The present study advances our understanding of the neural mechanisms underlying attention in several ways. It provides the first evidence for an attention-dependent modulation of burstiness. The observed reduction in burstiness with attention contradicts the widely held view that bursts are a privileged communication channel. If bursts did convey information with greater fidelity than isolated spikes, we would expect bursts to increase when stimuli are task relevant, and attention is directed toward them. The reduction in burst firing is instead consistent with the view that bursts are a source of response variability that is reduced so as to improve neuronal signaling of attended stimuli. Burst firing has also been implicated in other aspects of cortical computation, including plasticity^8-9, synaptic integration^1,9, and communication to select subpopulations⁷. Thus the attention-dependent changes in burst firing observed in the current study are likely to have important consequences for these aspects of cortical computation.

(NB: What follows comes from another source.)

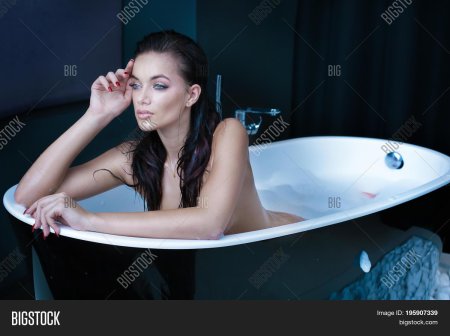 Красивые дамы в ванной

One previous study examined attentional modulation of burst firing and did not find evidence for a change³⁴. This study measured the raw rate of spikes with short ISIs. This would be expected to increase with attention-dependent increases in firing rate potentially masking a reduction in burst firing. Indeed, when we applied this metric, we failed to detect a reduction. They also examined the relationship between raw burst rate and firing rate across neurons. This comparison is less sensitive than the within-cell comparison used here. We failed to detect the observed reduction in burst firing when we apply this second metric. Thus, while the conclusions of the two studies differ, the difference likely stems from differences in the sensitivity of the analyses adopted.

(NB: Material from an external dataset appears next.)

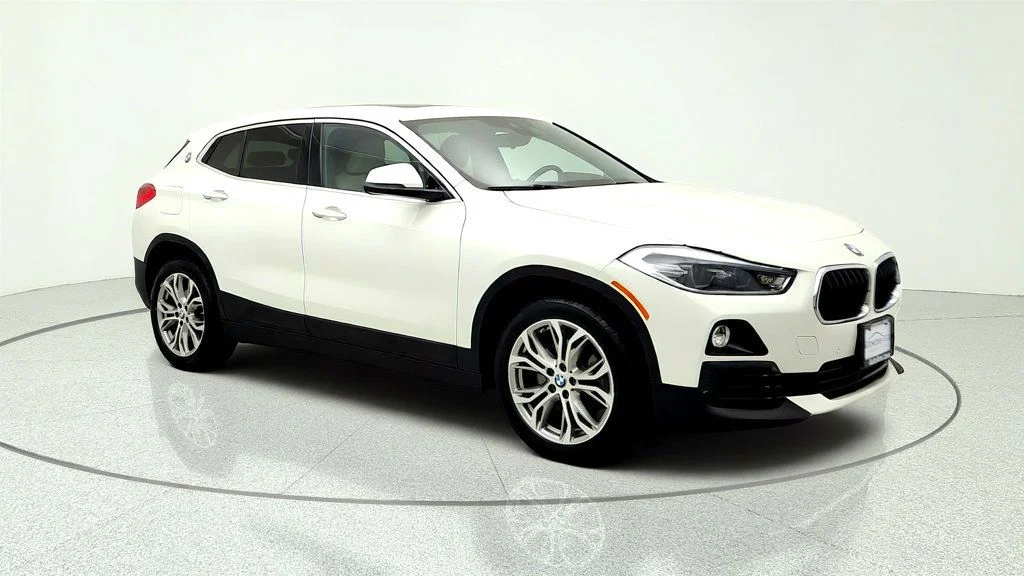 Used 2020 Alpine White BMW xDrive28i Sports Activity Coupe w/ Premium Package image 3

To account for this attention-dependent reduction in burstiness, we developed the Scaled Conductance Model of Attention (SCA). This model was inspired by a previous model where burst firing depends, in part, on the interaction between voltage-gated muscarinic potassium conductances and fast persistent sodium channels²². Our model posited that attention-dependent increases in depolarization activate these muscarinic channels, reducing burst firing. This proposal is consistent with the finding that cortical pyramidal neurons become less bursty when they are depolarized^20,21. Burstiness has also been found to be reduced with elevated levels of arousal²¹. The present findings thus support the hypothesis that mechanisms of selective attention are shared, in part, with those mediating changes in arousal³⁵. We hypothesize that attention and arousal share in common an increase in depolarization that, in the case of selective attention, is mediated by spatially selective feedback signals, such as those generated by the oculomotor system³⁶.

Alternative models of burst firing, such as ‘ping-pong’ models that incorporate back propagation of action potentials between somatic and dendritic compartments^37-39, could also potentially account for our findings. However, we observed significant attention-dependent reductions in burstiness that were undiminished following periods of silence. Thus, differences in spiking activity are not necessary to generate the observed reduction in burstiness. This argues against the necessity of the spike-dependent burst mechanism featured in these models to account for attention-dependent reductions in burstiness. Rather, we propose that attention-dependent reductions in burst firing result from periods of heightened subthreshold depolarization. Though technically difficult, this prediction could be tested directly using intracellular recording methods in monkeys during the performance of attention-demanding tasks⁴⁰.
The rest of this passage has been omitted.